WHAT TO WORK ON: Filter these entries, keeping only lines that hold the word "Hotel".

Stored records:
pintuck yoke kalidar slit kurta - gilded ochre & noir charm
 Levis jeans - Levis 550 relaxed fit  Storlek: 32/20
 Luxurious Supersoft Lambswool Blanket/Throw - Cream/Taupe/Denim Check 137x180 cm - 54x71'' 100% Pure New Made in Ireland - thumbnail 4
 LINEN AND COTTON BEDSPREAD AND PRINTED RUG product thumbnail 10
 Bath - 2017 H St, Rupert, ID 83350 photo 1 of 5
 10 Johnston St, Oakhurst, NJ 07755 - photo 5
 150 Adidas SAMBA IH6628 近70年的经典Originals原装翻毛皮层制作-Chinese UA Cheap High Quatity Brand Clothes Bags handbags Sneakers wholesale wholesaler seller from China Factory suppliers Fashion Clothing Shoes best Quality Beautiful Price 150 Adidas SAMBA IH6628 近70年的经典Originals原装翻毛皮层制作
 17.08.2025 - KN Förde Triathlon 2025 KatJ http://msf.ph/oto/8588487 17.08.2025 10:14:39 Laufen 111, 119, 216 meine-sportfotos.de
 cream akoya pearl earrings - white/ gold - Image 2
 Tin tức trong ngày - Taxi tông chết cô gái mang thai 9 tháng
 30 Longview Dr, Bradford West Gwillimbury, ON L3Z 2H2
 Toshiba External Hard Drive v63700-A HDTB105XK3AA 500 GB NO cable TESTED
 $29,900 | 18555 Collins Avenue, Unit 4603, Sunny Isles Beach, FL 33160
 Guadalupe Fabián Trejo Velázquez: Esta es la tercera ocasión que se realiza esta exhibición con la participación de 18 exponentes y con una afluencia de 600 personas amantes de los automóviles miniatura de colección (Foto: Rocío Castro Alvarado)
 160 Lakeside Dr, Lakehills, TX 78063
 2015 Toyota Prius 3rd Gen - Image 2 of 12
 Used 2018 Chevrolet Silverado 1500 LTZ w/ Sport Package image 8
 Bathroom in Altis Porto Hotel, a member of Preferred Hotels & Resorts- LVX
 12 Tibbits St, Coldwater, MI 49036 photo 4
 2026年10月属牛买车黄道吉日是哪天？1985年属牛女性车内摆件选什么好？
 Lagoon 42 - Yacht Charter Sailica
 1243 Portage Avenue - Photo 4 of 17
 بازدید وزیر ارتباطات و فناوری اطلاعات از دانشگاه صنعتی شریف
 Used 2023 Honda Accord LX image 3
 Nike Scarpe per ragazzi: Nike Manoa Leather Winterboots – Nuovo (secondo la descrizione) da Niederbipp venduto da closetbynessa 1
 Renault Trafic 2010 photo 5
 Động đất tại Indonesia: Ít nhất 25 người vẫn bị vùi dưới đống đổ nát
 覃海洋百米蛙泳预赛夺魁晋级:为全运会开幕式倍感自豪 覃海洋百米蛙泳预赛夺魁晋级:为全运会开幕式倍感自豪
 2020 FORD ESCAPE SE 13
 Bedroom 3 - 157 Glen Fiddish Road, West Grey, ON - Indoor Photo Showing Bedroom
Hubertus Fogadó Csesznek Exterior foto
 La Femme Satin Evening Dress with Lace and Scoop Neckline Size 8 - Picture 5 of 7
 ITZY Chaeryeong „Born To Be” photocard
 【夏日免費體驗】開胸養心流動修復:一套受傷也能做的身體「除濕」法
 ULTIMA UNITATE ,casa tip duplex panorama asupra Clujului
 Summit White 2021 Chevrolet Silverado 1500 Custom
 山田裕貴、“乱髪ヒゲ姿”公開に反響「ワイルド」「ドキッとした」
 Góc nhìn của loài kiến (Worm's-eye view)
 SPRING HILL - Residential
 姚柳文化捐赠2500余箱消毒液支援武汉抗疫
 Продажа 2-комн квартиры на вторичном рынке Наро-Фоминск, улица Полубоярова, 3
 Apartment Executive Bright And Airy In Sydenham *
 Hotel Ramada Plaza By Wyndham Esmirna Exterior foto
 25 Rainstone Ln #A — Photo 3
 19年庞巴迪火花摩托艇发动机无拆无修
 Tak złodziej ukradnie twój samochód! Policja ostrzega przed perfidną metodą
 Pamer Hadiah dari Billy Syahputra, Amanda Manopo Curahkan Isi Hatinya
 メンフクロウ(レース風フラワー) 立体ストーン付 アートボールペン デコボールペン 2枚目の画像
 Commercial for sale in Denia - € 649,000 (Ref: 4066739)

SOLUTION TO THIS EXERCISE:
 Bathroom in Altis Porto Hotel, a member of Preferred Hotels & Resorts- LVX
 Hotel Ramada Plaza By Wyndham Esmirna Exterior foto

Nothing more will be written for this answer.